Extracted records:
########################################

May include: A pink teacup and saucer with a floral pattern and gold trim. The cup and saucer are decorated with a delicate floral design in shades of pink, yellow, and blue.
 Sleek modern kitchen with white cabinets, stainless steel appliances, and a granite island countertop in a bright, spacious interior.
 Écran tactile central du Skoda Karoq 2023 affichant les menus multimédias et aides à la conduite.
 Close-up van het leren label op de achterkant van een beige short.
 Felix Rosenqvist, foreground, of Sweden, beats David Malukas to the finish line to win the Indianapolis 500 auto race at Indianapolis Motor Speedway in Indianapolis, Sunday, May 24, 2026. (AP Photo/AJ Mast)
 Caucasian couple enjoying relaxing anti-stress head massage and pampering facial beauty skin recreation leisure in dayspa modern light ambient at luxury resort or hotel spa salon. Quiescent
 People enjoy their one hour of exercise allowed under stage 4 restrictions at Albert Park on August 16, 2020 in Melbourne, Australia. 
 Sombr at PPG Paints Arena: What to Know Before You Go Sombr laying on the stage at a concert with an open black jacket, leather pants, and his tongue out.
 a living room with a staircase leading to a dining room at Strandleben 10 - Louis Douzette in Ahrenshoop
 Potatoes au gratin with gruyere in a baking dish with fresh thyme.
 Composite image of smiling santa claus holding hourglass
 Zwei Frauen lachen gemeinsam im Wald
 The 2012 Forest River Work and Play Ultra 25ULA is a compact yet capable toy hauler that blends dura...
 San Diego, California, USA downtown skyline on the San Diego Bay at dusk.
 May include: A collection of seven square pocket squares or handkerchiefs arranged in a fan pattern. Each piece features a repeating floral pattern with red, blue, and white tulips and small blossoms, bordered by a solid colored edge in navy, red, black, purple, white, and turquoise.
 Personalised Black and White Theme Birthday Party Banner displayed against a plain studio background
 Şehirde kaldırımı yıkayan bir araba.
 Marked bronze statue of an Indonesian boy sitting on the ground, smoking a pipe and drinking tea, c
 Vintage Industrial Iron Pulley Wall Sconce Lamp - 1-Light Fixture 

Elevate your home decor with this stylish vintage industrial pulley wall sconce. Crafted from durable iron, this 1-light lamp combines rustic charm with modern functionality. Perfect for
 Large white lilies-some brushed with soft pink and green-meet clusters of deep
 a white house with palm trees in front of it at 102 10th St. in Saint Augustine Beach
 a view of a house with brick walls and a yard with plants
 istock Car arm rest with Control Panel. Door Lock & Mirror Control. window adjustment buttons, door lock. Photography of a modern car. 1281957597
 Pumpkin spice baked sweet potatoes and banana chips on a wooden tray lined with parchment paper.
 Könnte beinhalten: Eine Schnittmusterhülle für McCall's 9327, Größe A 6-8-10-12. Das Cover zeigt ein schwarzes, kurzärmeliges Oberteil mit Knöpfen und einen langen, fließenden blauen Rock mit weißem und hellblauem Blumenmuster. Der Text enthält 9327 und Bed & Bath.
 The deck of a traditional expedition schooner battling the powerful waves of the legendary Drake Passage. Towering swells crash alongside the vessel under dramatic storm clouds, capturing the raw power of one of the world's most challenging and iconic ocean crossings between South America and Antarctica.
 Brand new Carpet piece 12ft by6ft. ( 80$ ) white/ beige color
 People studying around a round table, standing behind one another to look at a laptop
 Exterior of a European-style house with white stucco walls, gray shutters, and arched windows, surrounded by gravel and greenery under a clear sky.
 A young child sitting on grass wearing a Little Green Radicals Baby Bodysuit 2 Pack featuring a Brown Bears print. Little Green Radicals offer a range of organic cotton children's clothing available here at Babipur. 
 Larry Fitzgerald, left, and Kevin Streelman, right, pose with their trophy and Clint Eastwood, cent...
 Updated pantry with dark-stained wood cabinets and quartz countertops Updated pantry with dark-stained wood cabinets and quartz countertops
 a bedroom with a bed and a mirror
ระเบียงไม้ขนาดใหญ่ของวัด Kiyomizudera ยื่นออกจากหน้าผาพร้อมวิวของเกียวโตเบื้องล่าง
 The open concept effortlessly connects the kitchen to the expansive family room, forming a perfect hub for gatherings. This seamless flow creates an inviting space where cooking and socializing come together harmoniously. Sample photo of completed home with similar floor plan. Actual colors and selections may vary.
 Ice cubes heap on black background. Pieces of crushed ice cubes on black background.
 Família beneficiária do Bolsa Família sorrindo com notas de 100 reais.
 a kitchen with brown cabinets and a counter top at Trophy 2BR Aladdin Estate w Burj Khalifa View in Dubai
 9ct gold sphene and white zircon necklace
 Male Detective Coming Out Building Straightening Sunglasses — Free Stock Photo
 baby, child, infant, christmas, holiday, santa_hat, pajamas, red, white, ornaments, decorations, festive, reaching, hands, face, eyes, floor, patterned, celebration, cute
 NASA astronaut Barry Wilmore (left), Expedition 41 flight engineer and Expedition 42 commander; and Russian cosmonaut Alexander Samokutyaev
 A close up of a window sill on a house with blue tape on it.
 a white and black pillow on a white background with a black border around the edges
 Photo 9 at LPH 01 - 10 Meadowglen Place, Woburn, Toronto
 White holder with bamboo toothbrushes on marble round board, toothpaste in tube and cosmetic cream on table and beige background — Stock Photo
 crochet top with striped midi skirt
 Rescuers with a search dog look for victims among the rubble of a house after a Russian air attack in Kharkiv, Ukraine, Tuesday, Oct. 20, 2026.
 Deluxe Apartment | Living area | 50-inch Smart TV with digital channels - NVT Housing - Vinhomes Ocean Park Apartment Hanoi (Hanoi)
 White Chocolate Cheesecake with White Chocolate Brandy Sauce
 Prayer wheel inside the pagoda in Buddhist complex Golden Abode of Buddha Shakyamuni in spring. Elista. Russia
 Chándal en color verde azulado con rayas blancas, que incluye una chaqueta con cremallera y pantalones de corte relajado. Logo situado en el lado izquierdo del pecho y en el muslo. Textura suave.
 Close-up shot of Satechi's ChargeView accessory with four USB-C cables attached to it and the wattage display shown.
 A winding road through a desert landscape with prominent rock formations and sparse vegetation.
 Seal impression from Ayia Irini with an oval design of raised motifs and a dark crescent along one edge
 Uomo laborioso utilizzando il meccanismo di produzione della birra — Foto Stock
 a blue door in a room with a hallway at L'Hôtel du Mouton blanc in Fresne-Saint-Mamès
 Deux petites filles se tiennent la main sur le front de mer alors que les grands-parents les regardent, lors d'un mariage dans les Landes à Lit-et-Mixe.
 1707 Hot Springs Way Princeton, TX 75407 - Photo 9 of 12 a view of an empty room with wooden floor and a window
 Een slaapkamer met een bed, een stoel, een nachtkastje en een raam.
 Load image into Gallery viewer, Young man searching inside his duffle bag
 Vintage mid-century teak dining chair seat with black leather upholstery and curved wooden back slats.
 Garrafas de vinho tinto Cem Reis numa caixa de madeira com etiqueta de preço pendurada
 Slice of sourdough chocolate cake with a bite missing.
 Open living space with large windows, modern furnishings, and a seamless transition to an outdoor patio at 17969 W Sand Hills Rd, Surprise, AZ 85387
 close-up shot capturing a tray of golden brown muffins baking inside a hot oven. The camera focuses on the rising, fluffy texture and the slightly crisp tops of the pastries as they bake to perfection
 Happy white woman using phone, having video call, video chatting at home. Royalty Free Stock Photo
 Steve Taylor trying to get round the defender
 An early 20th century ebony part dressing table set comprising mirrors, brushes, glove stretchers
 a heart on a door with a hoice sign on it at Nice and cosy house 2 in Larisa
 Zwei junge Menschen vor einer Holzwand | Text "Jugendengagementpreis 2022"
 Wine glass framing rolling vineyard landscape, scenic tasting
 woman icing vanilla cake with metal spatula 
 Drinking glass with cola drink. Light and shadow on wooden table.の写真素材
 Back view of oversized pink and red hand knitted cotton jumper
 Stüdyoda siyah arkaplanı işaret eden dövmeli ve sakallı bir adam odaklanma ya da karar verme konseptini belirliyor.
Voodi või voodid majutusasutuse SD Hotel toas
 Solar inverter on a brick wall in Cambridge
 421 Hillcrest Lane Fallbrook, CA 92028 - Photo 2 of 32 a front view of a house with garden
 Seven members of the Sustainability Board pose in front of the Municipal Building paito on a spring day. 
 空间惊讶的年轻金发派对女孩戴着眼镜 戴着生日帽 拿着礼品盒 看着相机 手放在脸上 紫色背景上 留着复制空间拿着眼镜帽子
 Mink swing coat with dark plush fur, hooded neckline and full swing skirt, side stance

########################################

WORK ORDER: Reproduce exactly the entries above, limited to the lines from the one with "crochet top with striped midi skirt" through the one with "A winding road", both included.

WRITTEN SOLUTION:
 crochet top with striped midi skirt
 Rescuers with a search dog look for victims among the rubble of a house after a Russian air attack in Kharkiv, Ukraine, Tuesday, Oct. 20, 2026.
 Deluxe Apartment | Living area | 50-inch Smart TV with digital channels - NVT Housing - Vinhomes Ocean Park Apartment Hanoi (Hanoi)
 White Chocolate Cheesecake with White Chocolate Brandy Sauce
 Prayer wheel inside the pagoda in Buddhist complex Golden Abode of Buddha Shakyamuni in spring. Elista. Russia
 Chándal en color verde azulado con rayas blancas, que incluye una chaqueta con cremallera y pantalones de corte relajado. Logo situado en el lado izquierdo del pecho y en el muslo. Textura suave.
 Close-up shot of Satechi's ChargeView accessory with four USB-C cables attached to it and the wattage display shown.
 A winding road through a desert landscape with prominent rock formations and sparse vegetation.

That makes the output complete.